Based on the self-polymerization-adhesion behavior of dopamine, multilayer graphene (MLG) was biomimetically modified by polydopamine (PDA), which significantly improved the dispersibility and compatibility of the MLG. A flame-retardant composite elastomer was formed by adding the MLG-PDA and an intumescent flame retardant (IFR) into an ethylene-vinyl acetate elastomer (EVM). This not only improved the flame-retardant properties, but also promoted the compatibility between the interfaces, thereby compensating for the damage caused by IFR to the mechanical properties of the composite elastomer.
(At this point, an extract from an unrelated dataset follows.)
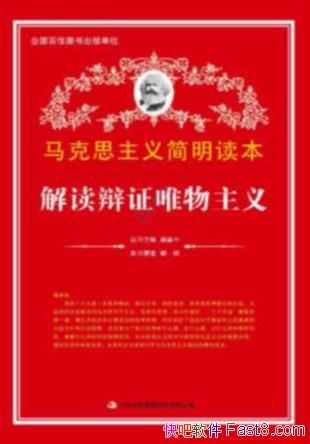 ˼/֤Ψ/epub+mobi+azw3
Compared with EVM/IFR (70/30), the tensile strength (12.3 MPa) and limited oxygen index (28.5) of the EVM/MLG-PDA/IFR (70/27/3) composite elastomer were increased by 33.7% and 10%, respectively. Cone calorimeter test results showed a synergistic flame-retardant effect between the MLG-PDA and IFR, which promoted the formation of a denser carbon layer. Therefore, the MLG modified by PDA can be added to flame-retardant polymers as an effective synergist of intumescent flame retardant systems.